184. Гриневичи — родственники Евгении Антоновны Герцык. Казимир Герцык женился на ней после смерти своей первой жены, матери Аделаиды и Евгении. (См. выше стр.717–720; 733–734).
185. Ольга Михайловна — жена Всеволода Эмильевича Мейерхольда. B. И. с нею дружил, у нее на даче по летам гостила «маленькая» Лидия. (Об отношениях В. И. с Мейерхольдом см. Том Ill–ий, прим, к стихотворению «Хоромное Действо» в сборнике «Нежная Тайна»).
186. По поводу введенного В. И. термина «кларизм» см. выше стр.791, последний абзац примечания к стихотворению «Анахронизм», посвященному Кузмину.
187. «Велес» — журнал, который собирался издавать Городецкий. «Золотое Руно», 1909, № 6 предупреждает: — «В некоторых газетах появилось сообщение о журнале «Велес», который будет выходить в Петербурге с осени под редакцией А. Ремизова и C. Городецкого. Это неточно. «Велес» будет редакцироваться и издаваться одним только С. Городецким. (…) «Велес» посвящается русскому и славянскому искусству». Слово «Велес» значит повелитель, правитель, власть имущий.
188. В. И. сблизился с Сергеем Константиновичем Маковским (1871–1962) в счастливый период его жизни, когда редактор и издатель «Аполлона» начинал осуществлять задуманный им журнал. Об изначальном согласии — идеологическом и техническом —, о позднейших спорах и бурях в редакции «Аполлон» см. Том III–ий.

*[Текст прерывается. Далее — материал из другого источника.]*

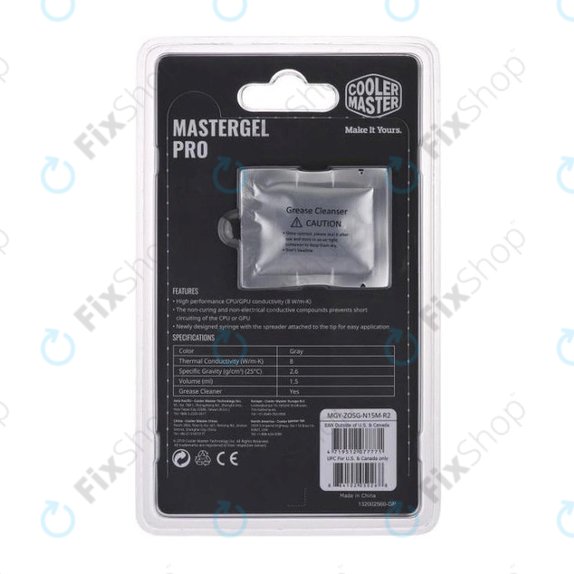 Pasta termica MasterGel Pro V2 per CPU, 4g, Grigia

189. Летом 1909 года «маленькая» Лидия гостила два месяца на даче у Беляевских. Беляевские были друзьями М. М. Замятниной. Семья состояла из трех сестер: Веры, Ольги и Юлии. Интереснее всех была Ольга Александровна. Судьба ее была печальной: Ольга Ал. потеряла мужа и четырнадцатилетнюю дочь. Горе ее не омрачило, а умудрило; тихая была она и духовно глубокая; писала стихи. В. И. любил вести с ней долгие, религиозные, задушевные беседы. Жили сестры с 90–летней глухой матерью, имевшей неудобную привычку вслух, громогласно выражать свои суждения о присутствующих, всегда отрицательные.
190. Ольга Афанасьевна Глебова — первая жена художника Сергея Юрьевича Судейкина, актриса Петербургского Суворинского театра. Современники заметили ее в двух ролах пьес Юрия Беляева: — «Путаницы» и «Психеи». Анна Ахматова, сделав из нее персону (маску) в «Поэме без героя», сохранила для потомков память об ее игре, обогатив «Путаницу» из жизни актрисы взятой трагической чертой. Ольга Глебова–Судейкина умерла в Париже вскоре по окончании Второй Мировой войны.
191. Таня — прислуга на «башне». «Маленькая» Лидия любила с нею, женщиной смышленой, обсуждать всякие бытовые происшествия. Свечник — хозяин бакалейной лавки, постоянный поставщик Ивановых, человек себе на уме, обходительный. (На «башне» горело обычно много свечей). В. И. радовался на меткие, своеобразные замечания своей дочери.
192. Дуня — одна из девушек, сопровождавших Лидию Димитриевну. Дуня вышла замуж за балтийского рыбака и поселилась с ним на берегу моря, недалеко от Петербурга. Сон В. И. оказался телепатическим: в ту пору Дуня тяжело болела (чего он не знал) и вскоре умерла. (О девушках, окружавших Л. Д. см. стр.683).